I at least briefly argued the case there for assuming that we will in fact come to see some combination of these scenarios arise in actual fact, as each at least contextually comes to the top as a best approach for at least some set of recurring implementation contexts. And I effectively begin this posting by challenging a basic assumption that I built into that assessment:

• The tacit and all but axiomatic assumption that enters into a great deal of the discussion and analysis of artificial intelligence, and of most other still-emerging technologies as well,
• That while disruptively novel can and does occur as a matter of principle, it is unlikely to happen and certainly right now in any given technology development context that is actively currently being pursued, along some apparently fruitful current developmental path.

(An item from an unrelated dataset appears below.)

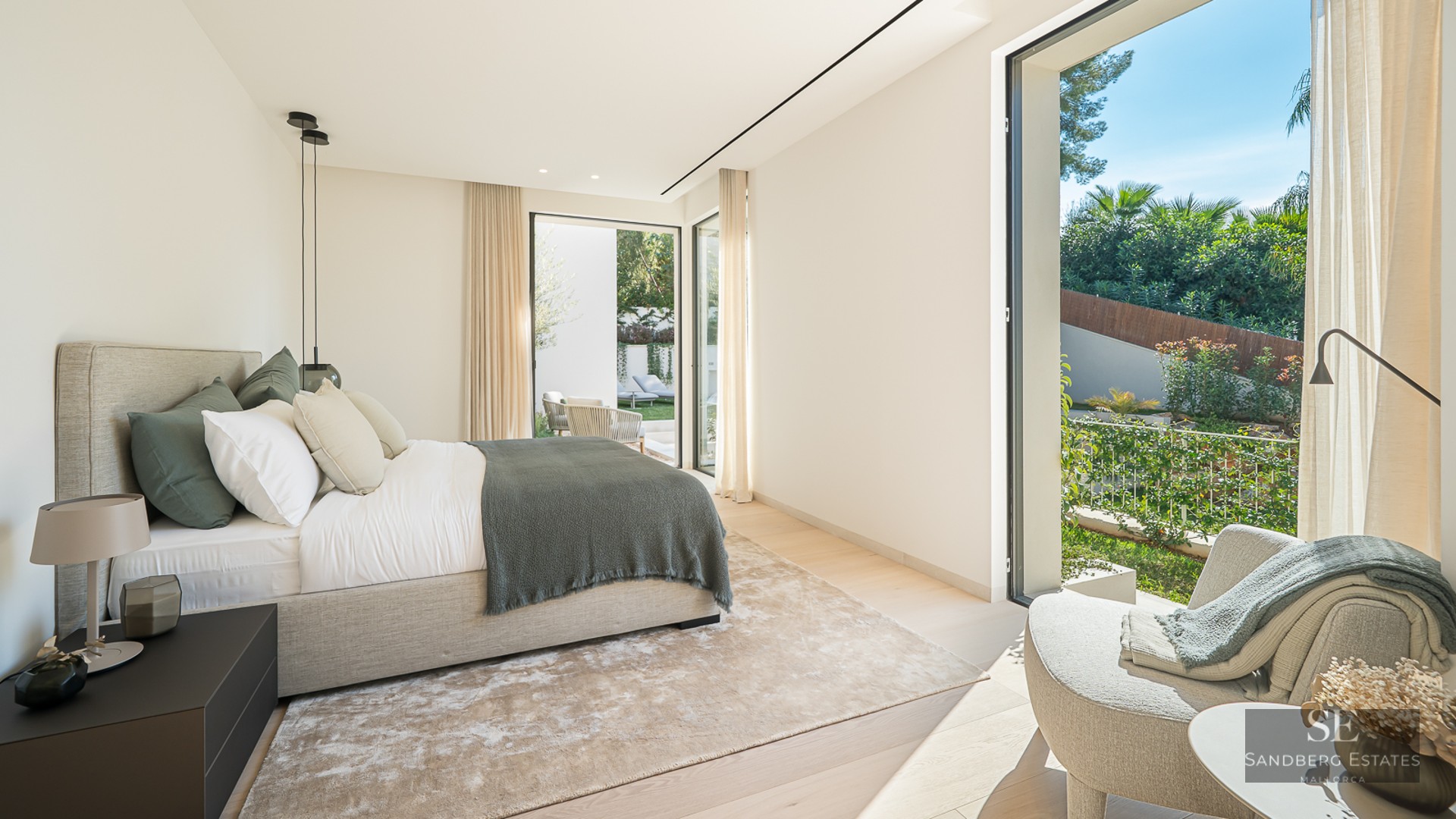 Modern master bedroom with large bed, floor-to-ceiling windows, and views of a lush garden.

All four of the above repeated and restated scenario options have their roots in our here and now and its more readily predictable linear development moving forward. It is of the nature of disruptively new and novel that is comes without noticeable warning and precisely in ways that would be unexpected. The truly disruptively novel innovations that arise, come as if lightning out of a clear blue sky, and they blindside everyone affected by them for their unexpected suddenness and for their emerging impact, as they begin to gain traction in implementation and use. What I am leading up to here is very simple, at least in principle, even if the precise nature of the disruptively new and novel limits our ability to foresee in advance the details of what is to come of that:

• While all of the first four development and innovation scenarios as repeated above, will almost certainly come to play at least something of a role in our strongly artificially intelligence-shaped world to come, we also have to expect all of this to develop and play out in disruptively new ways too, and both as sources of specific contextually relevant solutions for how best to implement this new technology, and for how all of these more context-specific solutions are in effect going to be glued together to form overall, organized systems.

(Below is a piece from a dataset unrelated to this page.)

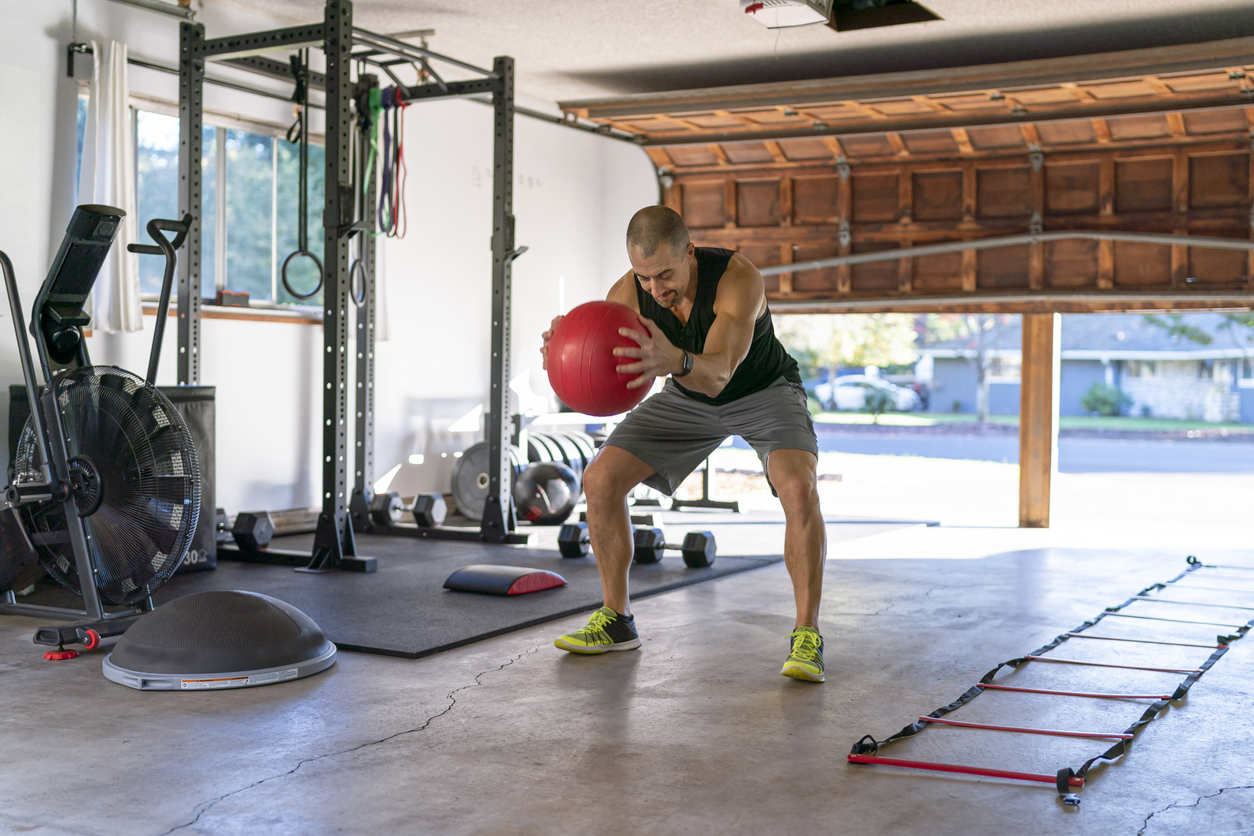A athletic man uses a medicine ball while doing a cross training workout in the gym he has set up in the garage of his home. He is staying healthy and active while isolating at home during the Covid-10 pandemic.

I would specifically stress the two sides to that more generally and open-endedly stated fifth option here, that I just touched upon in passing in the above bullet point. I write here of more locally, contextually specific implementation solutions, here for how artificial intelligence will connect to the human experience. But I also write of the possibility that overarching connectivity frameworks that all more local context solutions would fit into, are likely going to emerge as disruptively new too. And with that noted as a general prediction as to what is likely to come, I turn here to at least consider some of the how and why details of that, that would lead me to make this prediction in the first place.

Let’s start by rethinking some of the implications of a point that I made in Part 4 of this series when first addressing the issues of artificial intelligence, and of artificial intelligence agents per se. We do not even know what artificial general intelligence means, at least at anything like an implementation-capable level of understanding. We do not in fact even know what general intelligence is per se and even just in a more strictly human context, at least where that would mean our knowing what it is and how it arises in anything like a mechanistic sense. And in fact we are, in a fundamental sense, still learning what even just artificial specialized and single task intelligence is and how that might best be implemented.

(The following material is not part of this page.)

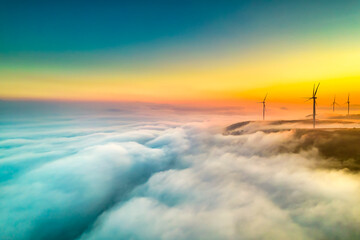 Aerial view top hill at dawn with fog covering small village in valley, beautiful wind power poles...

All of this still-present, significantly impactful lack of knowledge and insight raises the likelihood that all that we know and think that we know here, is going to be upended by the novel, the unexpected and the disruptively so – and probably when we least expect that.

And with this stated, I raise and challenge a second basic assumption that by now should be more generally disavowed, but that still hangs on. In a few short decades from now, for all of the billions of human online nodes: human-operated devices and virtual devices that we connect online through, that will collectively only account for a small fraction of the overall online connected universe: the overall connectiverse that we are increasingly living in. All of the rest: all of the soon to be vast majority of the rest of this will all be device-to-device in nature, and fit into what we now refer to as the internet of things. And pertinently to this discussion that means that a vast majority of the connectedness that is touched upon in the above four (five?) scenarios, is not going to be about human connectedness per se at all, except perhaps indirectly. And this very specifically leads me back to what I view as the real imperative of the fifth scenario: the disruptively new and novel pattern of overall connectivity that I made note of above, and certainly when considering the glue that binds our emerging overall systems together with all of the overarching organizational implications that that option and possibility raises.

Ultimately, what works and both at a more needs-specific contextual level there, and at an overall systems connecting and interconnecting level, is going to be about optimization, with aesthetics and human tastes critically important and certainly for technology solution acceptance – for human-to-human and human-to-artificial intelligence agent contexts. But in a strictly, or even just primarily artificial agent-to-artificial agent and device-to-artificial agent context, efficiency measures will dominate that are not necessarily human usage-centric. And they will shape and drive any evolutionary trends that arise as these overall systems continue to advance and evolve (see Part 3 and Part 5 for their discussions of adaptive peak models and related evolutionary trend describing conceptual tools, as they would apply to this type of context.)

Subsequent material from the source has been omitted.